The down-regulated genes co-expressed by AD and MS were enriched in snRNA processing, ficolin-1-rich granule, mRNA metabolic process, proteasomal protein catabolic process, regulation of cell cycle process, mitochondrial inner membrane, RNA 3'-end processing, lytic vacuole, and nucleocytoplasmic transport (Fig. 2E).

In contrast, the common upregulated DEGs of AD and MS were significantly enriched in snRNA processing, ficolin-1-rich granule, mRNA metabolic process, proteasomal protein catabolic process, regulation of cell cycle process, and mitochondrial inner membrane (Fig. 2F).
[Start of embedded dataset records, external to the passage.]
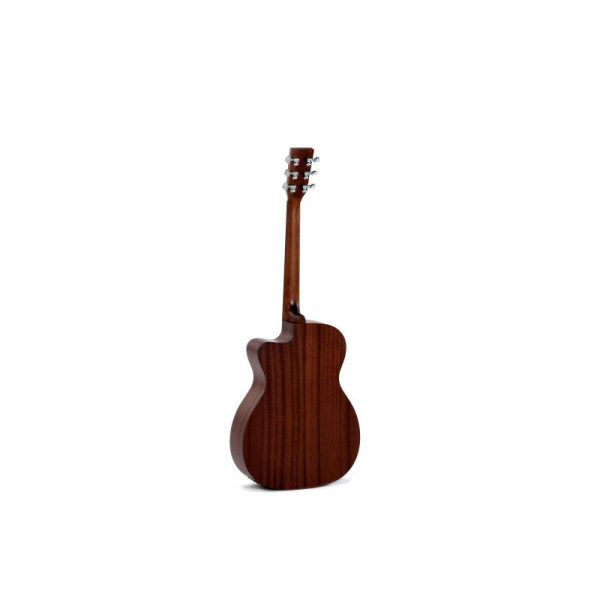 Sigma 000MC-15E Auditorium Acoustic Guitar Mahogany detail image 8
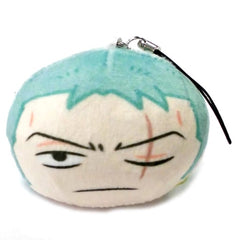 Roronoa Zoro One Piece Ichiban Kuji Online Otadamanui Vol.2 Prize A Key Chain [USED]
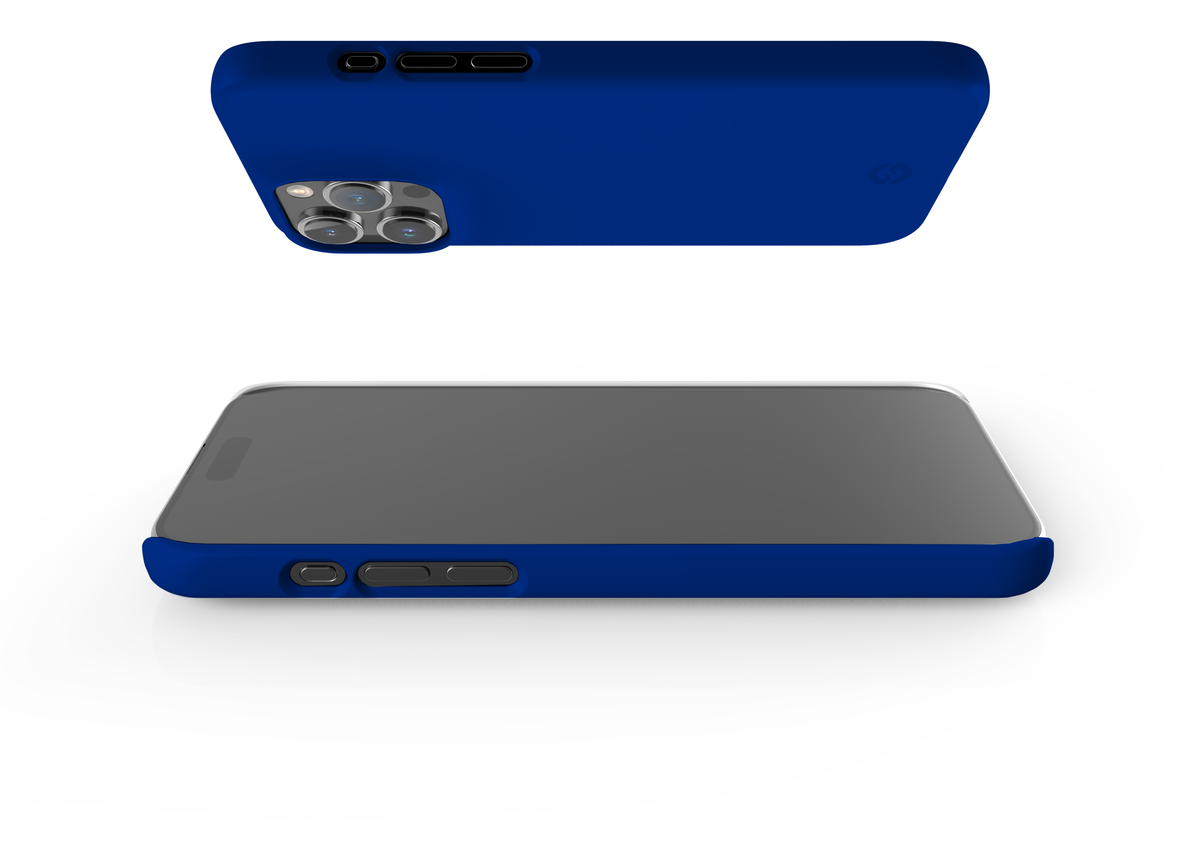 Blissful Blue Snap Case in Gloss - iPhone 15 Series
Weighted gene co-expression network analysis and key modules identification

In the AD combined dataset and MS dataset, we used WGCNA to find co-expressed gene modules. The scale-free topological index was 0.85 when the soft thresholds for AD and MS were 9 and 7, respectively, as illustrated in Fig. 3A,D shows the derived gene dendrograms and their corresponding module colors.

Figure 3
figure 3

Construction of weighted co-expression network for the AD combined dataset and MS dataset, as well as enrichment analysis of key modules. (A,D) Network topology analysis of different soft threshold power. (B,E) Dendrograms of genes acquired by mean linkage hierarchical clustering. The allocation of modules decided by Dynamic Tree Cutting is displayed in the colored rows below the dendrogram. (C,F) Each column represents a clinical feature (AD or MS and control), and each row denotes an ME. The correlation coefficient and P-value are contained in each cell. ME: module eigengene. (G,H) GO and KEGG enrichment analysis of positively (G) and negatively (H) related key modules in AD and MS.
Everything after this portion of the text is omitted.